● Data provided:
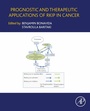 Cover: Prognostic and Therapeutic Applications of RKIP in Cancer - Academic Press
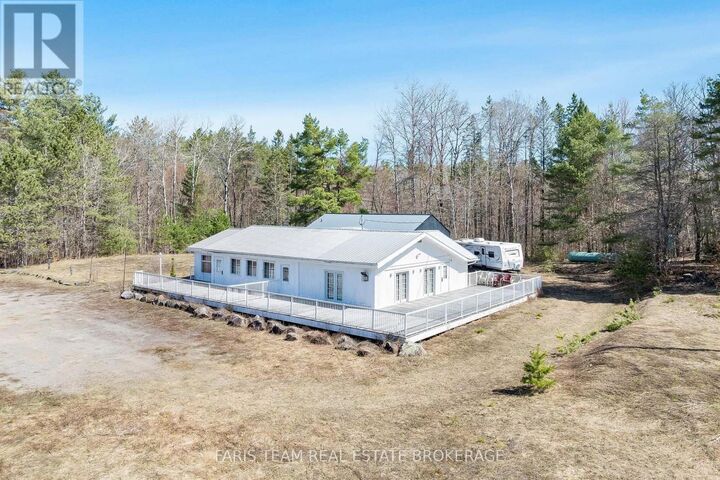 Property Photo:  2180-2186 Hwy 141  ON P0B 1L0 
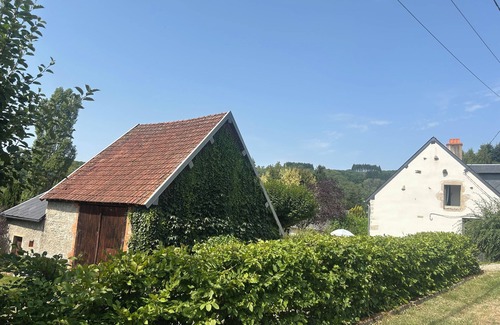 Saint-Prix Maison | Entire property: cottage - Saint-Prix, France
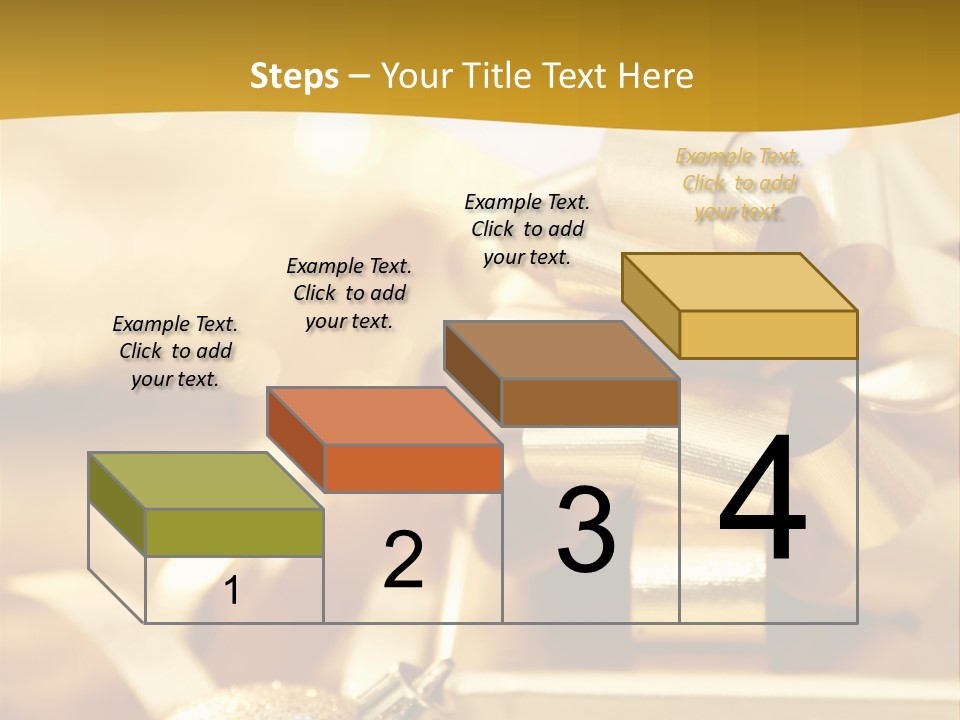 Holiday Ball Celebrate PowerPoint Template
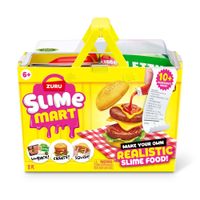 Set hamburguesa SLIME MART 15905A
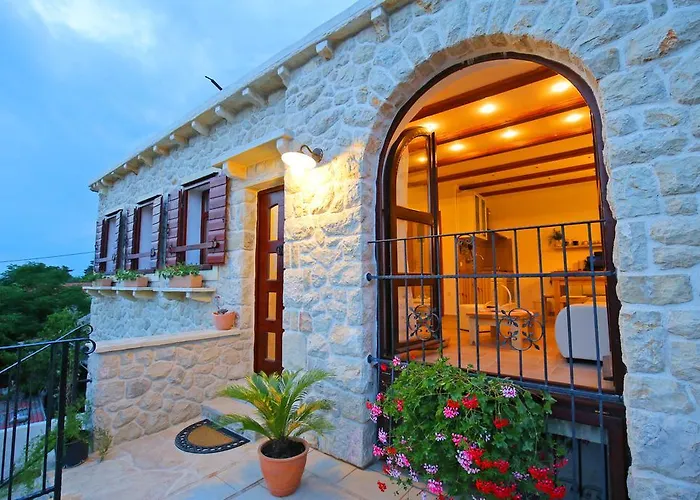 בית נופש Eler *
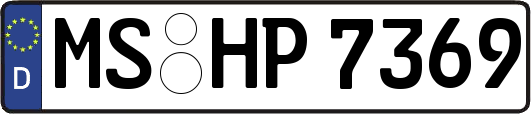 MS-HP7369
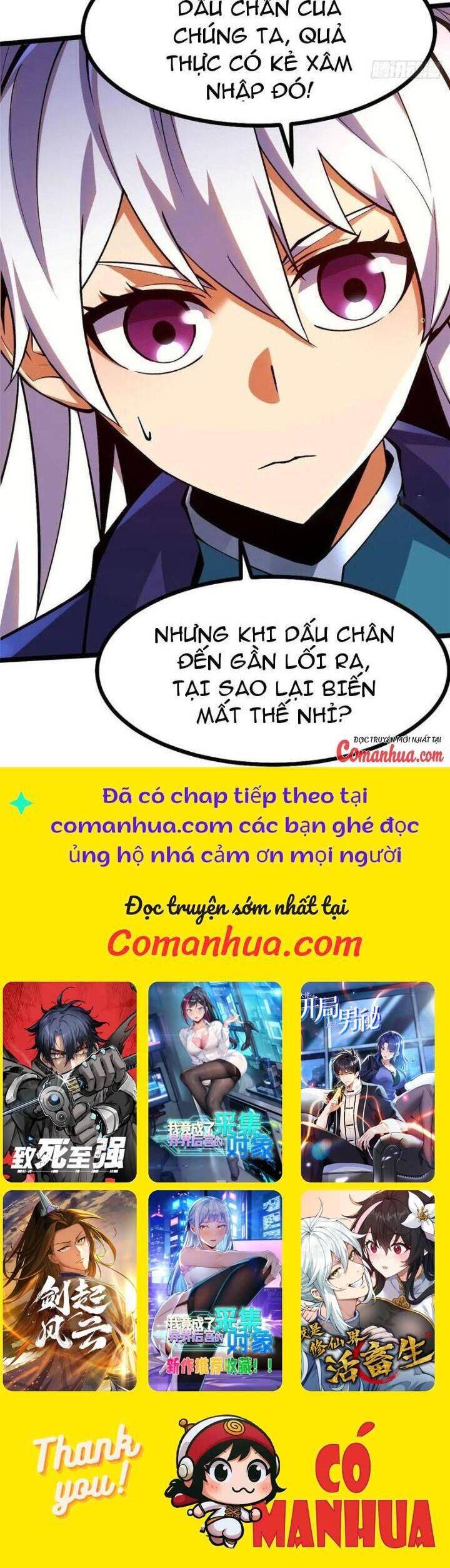 Ta Thật Không Muốn Học Cấm Chú Chapter 75 - 31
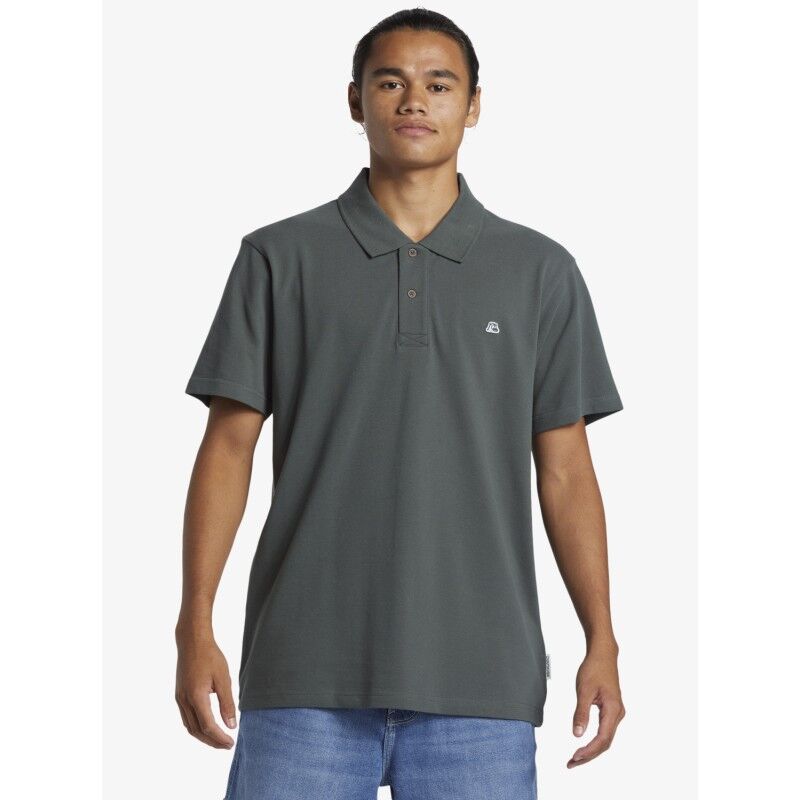 Quiksilver DNA Polo - Polo homme | Hardloop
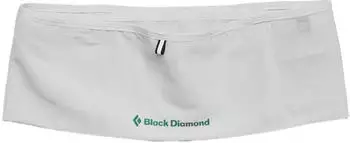 Black Diamond Distance Run Belt M alloy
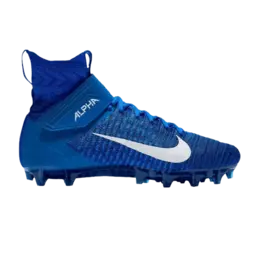 Nike Кроссовки Alpha Menace Elite 2 'Game Royal', синий ao3374 400 | game royal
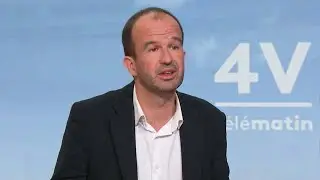 Les 4 vérités - Manuel Bompard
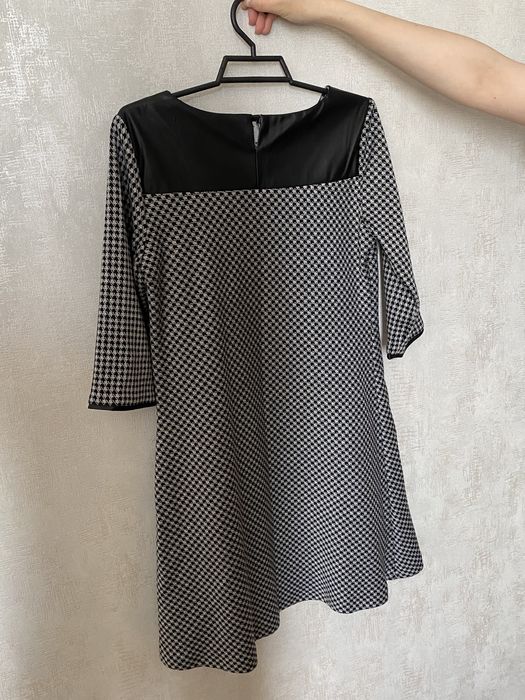 плаття з кишеньками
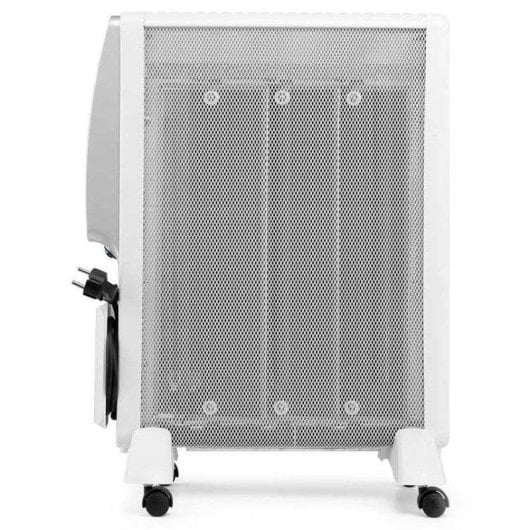 Radiatore a Mica Orbegozo RMW1500 1500W Wifi Display LED Pavimento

● Required action: From the line holding "Ta Thật Không" to the final line of the data above, give each line again exactly, both ends included, and drop the pictures.

● Written response:
 Ta Thật Không Muốn Học Cấm Chú Chapter 75 - 31
 Quiksilver DNA Polo - Polo homme | Hardloop
 Black Diamond Distance Run Belt M alloy
 Nike Кроссовки Alpha Menace Elite 2 'Game Royal', синий ao3374 400 | game royal
 Les 4 vérités - Manuel Bompard
 плаття з кишеньками
 Radiatore a Mica Orbegozo RMW1500 1500W Wifi Display LED Pavimento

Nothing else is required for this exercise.